You would think that the stores would be set up more in a geographical setting. I mean, moose? Elk? Really? The store may not be huge but you would think it would be more geared towards local type stuff.


----------



## Deazl666 (Mar 30, 2012)

I blinked and missed the fishing department.


----------



## Bleeding Minnow (Feb 22, 2012)

didnt see the aquarium. wonder if this store will have one?


----------



## Boostedawdfun (Sep 15, 2012)

It said on the news that they do have an aquarium. I was looking for it as well and didn't see one.


----------



## shwookie (Jun 15, 2007)

But guys it has a cafe so don't worry....


----------



## bigticket (Jun 24, 2009)

Seriously, could the camera person spend any LESS time in the fishing section? They focus more on toy tractors and lawn equipment. Oh well, it still looked promising from what little you could see.


----------



## imalt (Apr 17, 2008)

I was planning on coming up for the grand opening from cincinnati. After that video I think I will wait and see what everyone has to say about it once they go. I could do without the huge toy selection and all the stuffed animals. Nice camera work by channel 10 also.


----------



## Angler ss (May 15, 2008)

I went to the Dundee store Saturday.The bait shop closed it is now kids toys.Bow shop was gone had small bow section up front. Moved all the beds and flower smelling crap from upstairs to what used to be the fishing dept. Had like 4 boats inside the boats and fishing was together in the back of the store did have a lot of lures but sonar and trolling motor area was smaller than the one at Sandusky Dicks. The clothing section gets bigger every time I go to the store. Most of the time they have some great sales didn't have much on sale this weekend. Like most other guns stores they didn't have much ammo no .380 no 9mm no .22 long rifle they did have .357 and .45 ammo. 
I feel Cabelas is looking to market more to women shoppers and less to men and women outdoors people.


----------



## Deazl666 (Mar 30, 2012)

Fin, Fur, and Feather in Ashland, OH, is probably my favorite place to buy tackle. Also, the selection at Gander right now is the best I've seen from them. I figured they at least try to get their act together before Cabela's plunges the knife into their chest...


----------



## bkr43050 (Apr 5, 2004)

It sounds like most folks are expecting to see a store on the scale of Dundee or Wheeling but I don't believe this one was ever billed as that. I didn't see anything that scared me away. From what I saw I can't think of anything else in Cbus area that is better. I still will not use them as my primary source for most easy to find items. They have never been the best place to price shop. It is the hard-to-find stuff that will get me in the store.

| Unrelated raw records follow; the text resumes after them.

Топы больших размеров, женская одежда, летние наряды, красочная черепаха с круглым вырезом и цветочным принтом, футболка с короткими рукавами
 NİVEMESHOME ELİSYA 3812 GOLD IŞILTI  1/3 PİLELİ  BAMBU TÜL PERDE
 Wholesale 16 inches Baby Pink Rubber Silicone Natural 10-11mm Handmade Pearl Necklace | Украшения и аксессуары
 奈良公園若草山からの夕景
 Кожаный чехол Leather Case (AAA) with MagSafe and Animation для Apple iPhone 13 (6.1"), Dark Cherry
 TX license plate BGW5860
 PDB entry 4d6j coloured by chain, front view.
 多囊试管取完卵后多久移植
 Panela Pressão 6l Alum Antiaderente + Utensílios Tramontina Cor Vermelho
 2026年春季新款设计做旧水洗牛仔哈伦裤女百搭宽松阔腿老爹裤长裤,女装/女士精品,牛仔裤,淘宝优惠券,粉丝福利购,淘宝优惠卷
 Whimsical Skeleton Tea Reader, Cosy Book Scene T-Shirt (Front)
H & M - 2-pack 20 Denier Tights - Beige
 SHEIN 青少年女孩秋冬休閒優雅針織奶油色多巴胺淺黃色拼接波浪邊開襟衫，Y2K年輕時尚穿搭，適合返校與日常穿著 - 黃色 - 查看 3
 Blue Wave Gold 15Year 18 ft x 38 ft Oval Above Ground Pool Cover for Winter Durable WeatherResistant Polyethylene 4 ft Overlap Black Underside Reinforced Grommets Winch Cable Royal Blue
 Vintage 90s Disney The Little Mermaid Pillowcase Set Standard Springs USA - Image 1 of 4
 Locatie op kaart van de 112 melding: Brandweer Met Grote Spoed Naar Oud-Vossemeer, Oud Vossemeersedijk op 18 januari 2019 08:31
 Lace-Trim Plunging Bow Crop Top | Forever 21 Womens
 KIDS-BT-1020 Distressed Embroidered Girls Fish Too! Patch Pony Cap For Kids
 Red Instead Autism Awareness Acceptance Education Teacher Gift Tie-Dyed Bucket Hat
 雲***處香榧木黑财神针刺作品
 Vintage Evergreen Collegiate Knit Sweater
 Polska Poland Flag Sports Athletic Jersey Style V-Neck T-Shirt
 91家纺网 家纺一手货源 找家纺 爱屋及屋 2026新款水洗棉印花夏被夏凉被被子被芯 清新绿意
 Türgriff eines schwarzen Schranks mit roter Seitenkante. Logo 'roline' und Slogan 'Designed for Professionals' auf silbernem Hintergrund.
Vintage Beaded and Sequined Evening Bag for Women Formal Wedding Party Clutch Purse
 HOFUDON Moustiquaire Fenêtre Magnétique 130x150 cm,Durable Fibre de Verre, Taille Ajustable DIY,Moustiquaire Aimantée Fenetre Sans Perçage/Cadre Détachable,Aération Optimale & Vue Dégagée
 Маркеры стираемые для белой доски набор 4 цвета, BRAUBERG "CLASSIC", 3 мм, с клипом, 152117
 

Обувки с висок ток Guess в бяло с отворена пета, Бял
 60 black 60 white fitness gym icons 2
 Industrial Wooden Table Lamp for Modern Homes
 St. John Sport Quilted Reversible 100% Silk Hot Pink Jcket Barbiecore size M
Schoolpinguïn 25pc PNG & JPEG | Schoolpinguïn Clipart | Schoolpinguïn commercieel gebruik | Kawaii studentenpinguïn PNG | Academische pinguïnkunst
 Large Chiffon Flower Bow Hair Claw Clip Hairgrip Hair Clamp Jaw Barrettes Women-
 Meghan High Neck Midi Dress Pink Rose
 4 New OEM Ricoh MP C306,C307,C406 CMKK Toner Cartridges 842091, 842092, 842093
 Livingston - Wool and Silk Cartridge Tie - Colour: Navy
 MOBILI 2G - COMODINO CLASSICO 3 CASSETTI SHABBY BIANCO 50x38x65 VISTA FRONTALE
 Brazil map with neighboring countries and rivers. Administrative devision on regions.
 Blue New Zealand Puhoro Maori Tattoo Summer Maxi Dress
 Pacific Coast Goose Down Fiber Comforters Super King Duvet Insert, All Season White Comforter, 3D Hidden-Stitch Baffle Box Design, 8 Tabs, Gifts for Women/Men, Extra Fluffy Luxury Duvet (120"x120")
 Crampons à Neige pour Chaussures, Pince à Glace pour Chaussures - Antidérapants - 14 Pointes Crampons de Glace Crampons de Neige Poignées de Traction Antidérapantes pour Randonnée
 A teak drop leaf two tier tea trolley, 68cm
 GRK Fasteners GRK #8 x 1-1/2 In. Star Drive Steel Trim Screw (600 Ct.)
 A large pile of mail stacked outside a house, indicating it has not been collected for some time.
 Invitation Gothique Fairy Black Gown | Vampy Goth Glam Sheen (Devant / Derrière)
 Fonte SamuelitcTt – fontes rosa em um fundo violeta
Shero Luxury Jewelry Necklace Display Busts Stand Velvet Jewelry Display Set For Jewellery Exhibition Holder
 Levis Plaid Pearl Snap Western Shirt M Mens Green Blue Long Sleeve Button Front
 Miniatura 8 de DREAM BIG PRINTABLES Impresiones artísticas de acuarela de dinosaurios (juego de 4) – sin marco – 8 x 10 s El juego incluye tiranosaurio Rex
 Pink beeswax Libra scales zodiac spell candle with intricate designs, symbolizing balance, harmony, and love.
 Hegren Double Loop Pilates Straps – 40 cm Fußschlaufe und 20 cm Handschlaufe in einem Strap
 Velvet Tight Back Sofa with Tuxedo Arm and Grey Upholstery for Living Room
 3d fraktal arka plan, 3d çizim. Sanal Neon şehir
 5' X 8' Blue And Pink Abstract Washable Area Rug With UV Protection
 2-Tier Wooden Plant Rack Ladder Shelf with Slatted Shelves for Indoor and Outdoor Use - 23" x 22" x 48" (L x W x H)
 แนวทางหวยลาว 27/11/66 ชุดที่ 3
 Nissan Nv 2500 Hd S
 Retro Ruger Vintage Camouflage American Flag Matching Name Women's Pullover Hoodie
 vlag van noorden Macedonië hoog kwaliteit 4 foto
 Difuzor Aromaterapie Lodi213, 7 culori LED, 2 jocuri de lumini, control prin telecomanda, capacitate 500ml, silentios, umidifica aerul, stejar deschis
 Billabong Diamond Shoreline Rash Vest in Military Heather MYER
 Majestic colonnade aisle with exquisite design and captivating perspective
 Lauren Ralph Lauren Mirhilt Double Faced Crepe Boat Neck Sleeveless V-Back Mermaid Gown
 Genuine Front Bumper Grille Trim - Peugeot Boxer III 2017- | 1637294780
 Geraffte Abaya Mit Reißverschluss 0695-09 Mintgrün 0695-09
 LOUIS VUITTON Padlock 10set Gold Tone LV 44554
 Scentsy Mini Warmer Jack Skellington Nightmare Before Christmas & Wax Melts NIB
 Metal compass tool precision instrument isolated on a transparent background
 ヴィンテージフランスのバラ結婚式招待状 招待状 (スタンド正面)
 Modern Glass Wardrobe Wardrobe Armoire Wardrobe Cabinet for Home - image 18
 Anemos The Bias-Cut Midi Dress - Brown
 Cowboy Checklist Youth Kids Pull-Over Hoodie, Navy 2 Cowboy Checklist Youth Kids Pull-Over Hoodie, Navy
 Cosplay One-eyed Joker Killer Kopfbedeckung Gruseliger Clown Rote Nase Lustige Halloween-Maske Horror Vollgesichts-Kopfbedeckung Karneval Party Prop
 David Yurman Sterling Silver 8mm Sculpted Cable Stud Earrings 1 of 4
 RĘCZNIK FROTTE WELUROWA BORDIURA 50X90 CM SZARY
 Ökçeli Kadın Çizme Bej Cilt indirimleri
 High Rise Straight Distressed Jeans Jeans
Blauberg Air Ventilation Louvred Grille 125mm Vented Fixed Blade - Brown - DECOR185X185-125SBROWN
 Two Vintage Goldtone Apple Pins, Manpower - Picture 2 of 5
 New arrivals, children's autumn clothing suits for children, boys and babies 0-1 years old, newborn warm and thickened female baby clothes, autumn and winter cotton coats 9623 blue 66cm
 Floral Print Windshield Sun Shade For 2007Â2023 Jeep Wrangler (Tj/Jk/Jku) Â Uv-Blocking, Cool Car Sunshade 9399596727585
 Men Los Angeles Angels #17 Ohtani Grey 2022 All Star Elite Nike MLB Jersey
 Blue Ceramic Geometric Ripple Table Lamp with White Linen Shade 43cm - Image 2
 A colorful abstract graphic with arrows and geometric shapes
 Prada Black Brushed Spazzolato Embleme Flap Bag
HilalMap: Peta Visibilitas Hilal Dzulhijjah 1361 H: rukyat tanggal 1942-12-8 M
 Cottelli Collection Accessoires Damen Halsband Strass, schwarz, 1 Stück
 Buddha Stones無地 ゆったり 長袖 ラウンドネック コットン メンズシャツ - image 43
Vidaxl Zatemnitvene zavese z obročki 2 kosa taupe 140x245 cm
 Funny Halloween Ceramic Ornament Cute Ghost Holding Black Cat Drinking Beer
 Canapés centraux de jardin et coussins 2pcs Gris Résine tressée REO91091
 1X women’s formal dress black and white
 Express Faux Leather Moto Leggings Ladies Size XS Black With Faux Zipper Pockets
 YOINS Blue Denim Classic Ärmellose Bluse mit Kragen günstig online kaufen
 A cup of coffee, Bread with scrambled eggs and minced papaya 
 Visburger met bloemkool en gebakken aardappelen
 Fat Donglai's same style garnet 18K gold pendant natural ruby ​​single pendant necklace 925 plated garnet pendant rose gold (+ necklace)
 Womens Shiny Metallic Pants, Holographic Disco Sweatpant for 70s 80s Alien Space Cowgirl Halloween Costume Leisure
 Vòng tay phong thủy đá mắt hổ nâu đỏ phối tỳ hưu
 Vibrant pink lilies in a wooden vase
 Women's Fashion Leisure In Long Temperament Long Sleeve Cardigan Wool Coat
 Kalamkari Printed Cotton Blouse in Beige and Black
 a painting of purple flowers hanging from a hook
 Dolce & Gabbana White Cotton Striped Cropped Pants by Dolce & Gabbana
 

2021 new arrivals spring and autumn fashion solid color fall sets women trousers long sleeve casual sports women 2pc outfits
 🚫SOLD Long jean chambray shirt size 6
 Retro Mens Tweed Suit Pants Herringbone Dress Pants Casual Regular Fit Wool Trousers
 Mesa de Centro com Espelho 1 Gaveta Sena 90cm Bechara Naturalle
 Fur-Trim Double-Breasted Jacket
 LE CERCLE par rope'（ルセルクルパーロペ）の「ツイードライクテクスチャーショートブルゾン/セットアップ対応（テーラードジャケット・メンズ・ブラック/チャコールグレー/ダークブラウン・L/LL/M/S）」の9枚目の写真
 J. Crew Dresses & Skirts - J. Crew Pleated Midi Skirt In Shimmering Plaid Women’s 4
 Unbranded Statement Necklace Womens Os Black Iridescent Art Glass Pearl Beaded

On a side note, I have not been to the Dundee store in a few years. I didn't realize they were downsizing it. That is a shame but if that is happening there it stands to reason that they will not go that big again on this one.


----------



## richard78 (Mar 28, 2011)

My wife is a waitress at a restaurant at Polaris that the managers have been eating at a lot. She did ask about the store and they gave her a few stats, 83k square feet which is less than wheeling which is 160k. There is a fish tank, and about 400 taxidermy animals. Only thing that will really be missing is no boat or Atv sales. They have told her many times that it will feel like a cabelas as soon as you walk in, what ever that means.


----------



## acklac7 (May 31, 2004)

Fishing Department looks like it's going to be picked over in no time flat .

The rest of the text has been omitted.